「リディア・コーってすごいね」。ゴルフにあまり興味がなさそうだった友人が二日前、韓国系ニュージーランド人の女性プロゴルファー、リディア・コーについて語り出したことから、どんなところがそんなにすごいと感じたのか、かえって好奇心を持つようになった。

 英国に留学していたその友人は「若いスポーツ選手なのにあんなに受け答えが上手だなんて」と驚いた。そして「質問の文脈を理解して周囲の人々に配慮しながらも、書き起こしてもきちんとした文章になる話しぶりに感心した」と語った。そのインタビューの受け答えのうまさは米国のゴルフ専門メディア「ゴルフダイジェスト」も認めたほどだ。

 全米女子プロゴルフ(LPGA)ツアーで韓国の女子選手たちが活躍するようになって久しいが、インタビューのたびにハラハラする。韓国語で話して通訳してもらうにしろ、つたない英語で勇気を持って話すにしろ、韓国人選手たちは人前で自分の考えを語る状況に慣れてないからだ。少しずつ良くなっているとは感じているが、それでもガッカリすることが多い。韓国人選手の中でインタビューの受け答えが最も素晴らしいと言われている朴仁妃(パク・インビ)も、中学・高校時代を米国で過ごした。

 こうした国々では、スポーツ選手だからと言って学校の授業に出ないのは想像も付かないことだ。リディア・コーにコメント上手の秘訣(ひけつ)を尋ねたところ「ニュージーランドではプレゼンテーションをしたりディベートをしたりする授業が多いので、それが役に立っているのだと思う」という答えが返ってきた。

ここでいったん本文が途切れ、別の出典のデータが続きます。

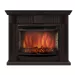 Портал Firelight Colonna 30 венге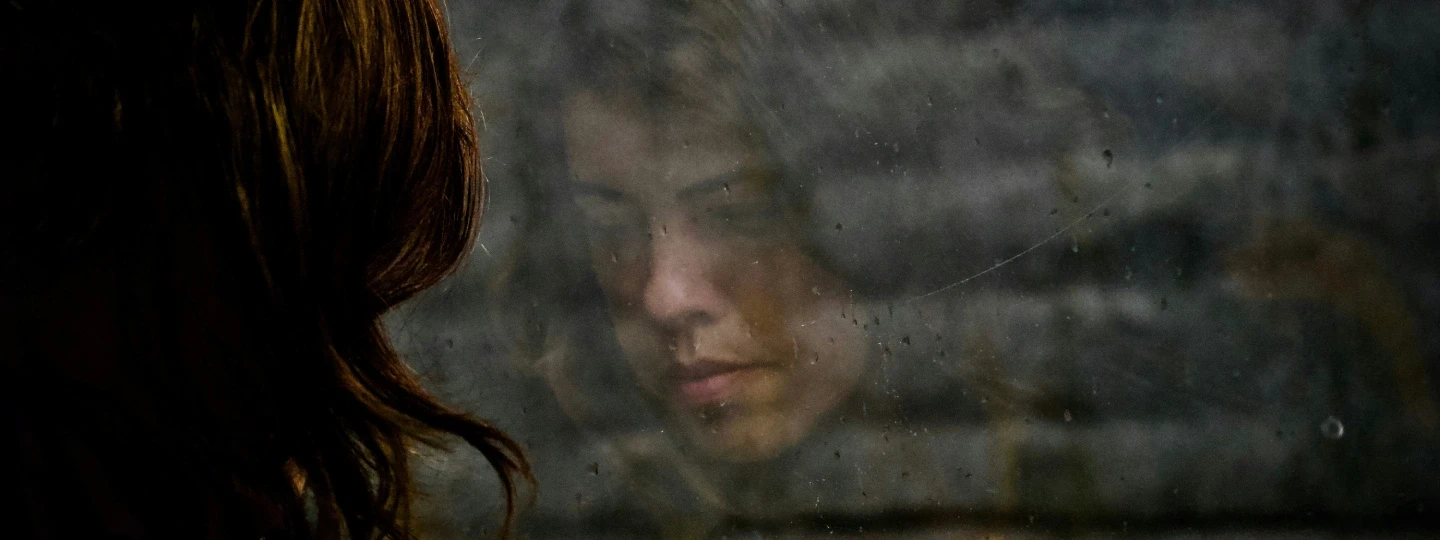 Napięcie emocjonalne - jak je rozładować i odzyskać spokój?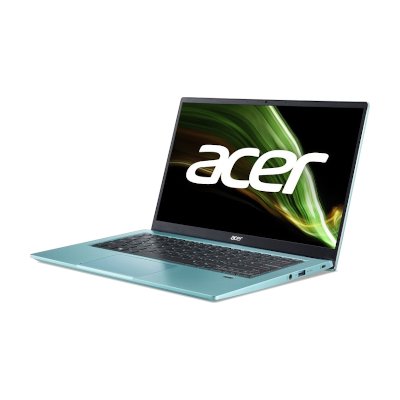 Acer Swift 3 Notebook SF314-43-R6XQ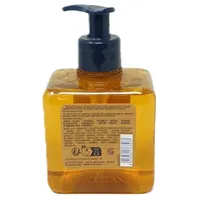 L'Occitane Verbene Flüssigseife 300 ml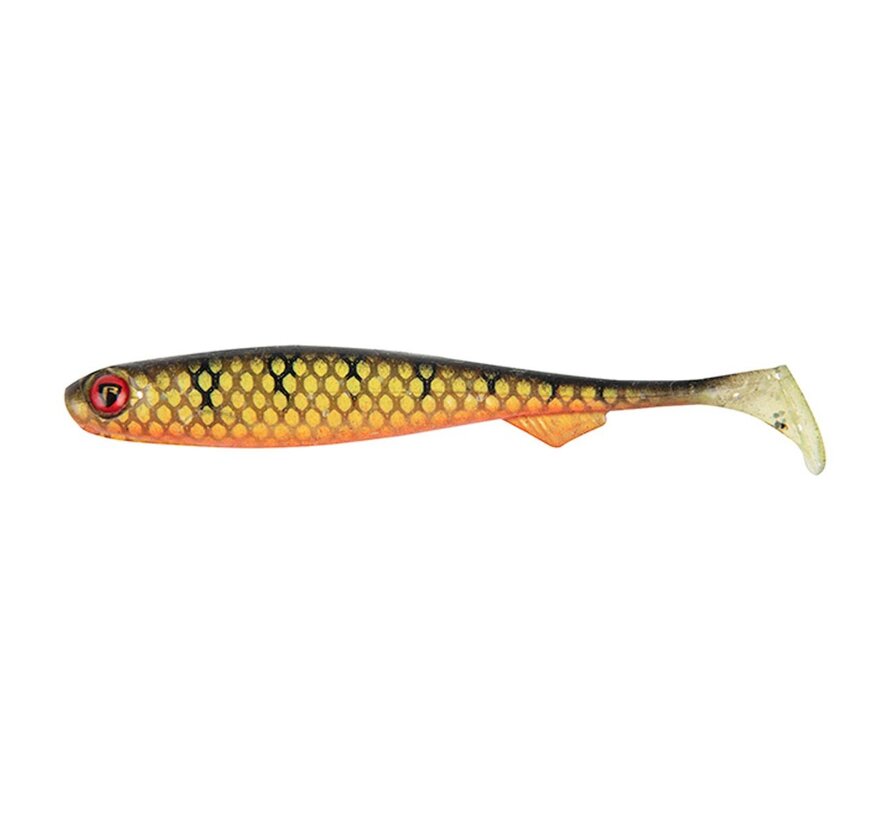 Slick Shad 11cm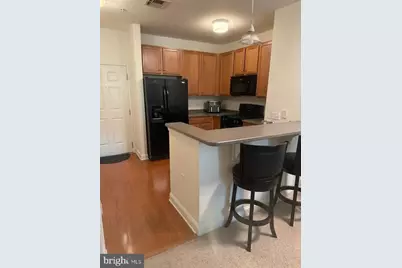 200 W Elm Street #1108, Conshohocken, PA 19428 - Photo 1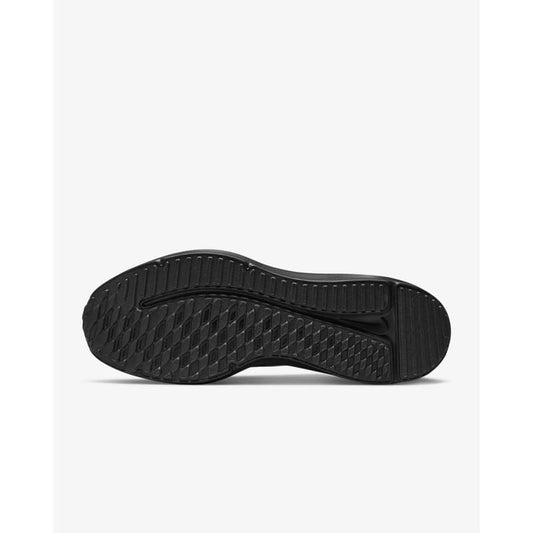 Tenis Nike Downshifter 12  Negro Hombre - DD9293-002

 リディア・コーは子どものころ、週に約35時間ゴルフの練習をしたそうだ。普通のニュージーランド人の子どもに比べたら多いが、一日の全てをゴルフにつぎ込む韓国のジュニア選手たちに比べると実に少ない。週に1・2回学校に行ってあいさつだけして帰ってくるジュニア選手も少なくないのが韓国の現実だ。リディア・コーの磨き抜かれたゴルフの腕前、のんびりしているがユーモアのセンスあふれる言動は、ニュージーランド・スタイルと韓国スタイルが持つ長所が溶け込んでいるためだろう。

 「もしリディア・コーがコ・ボギョンという名前で韓国でゴルフを続けていたら、どうなっていただろうか」と思うときがある。それでもゴルフは上達しただろうが、今のリディア・コーの長所だと言われているゴルフ以外の部分では首をかしげたくなる。また、その逆も想像してみた。練習時間では既に十分か、それ以上の韓国人選手たちに、朴仁妃やリディア・コーのような中学・高校生活をさせてやれるか、ということだ。ゴルフの実力には全く問題がないということは朴仁妃とリディア・コーが示してくれた。できれば英語・運動生理学・読書・世界地理・プレゼンテーション力など、ジュニア選手たちが関心を持っている授業を1日6-8時間受けられれば理想的だ。「勉強しないスポーツ選手」に頭を抱えているスポーツ団体なら研究に値する課題だろう。

 韓国国内で先月行われたLPGAツアー大会で海外の選手たちと試合をしたある選手は「楽しみながらゴルフをするということがどういうことなのか初めて分かった。年の差やキャリアに関係なく語り合い、失敗したときは腹を立てるけれど、すぐに楽しそうな表情に戻る姿が印象的だった」と語った。子どものころから息つく暇もなく競争し続け、ゴルフだけしてきた自分自身を振り返るようになったそうだ。

 来シーズンから韓国女子プロゴルフ(KLPGA)ツアーは本格的に外国人選手たちに門戸を開く。そして、中国やベトナムなど海外で多くの大会を行うようになる。それだけ「ゴルフ韓流」は世界的に人気の商品になったのだ。だが「すきのないショット」と「おしゃれな着こなし」だけでは世界のゴルフの手本になれないだろう。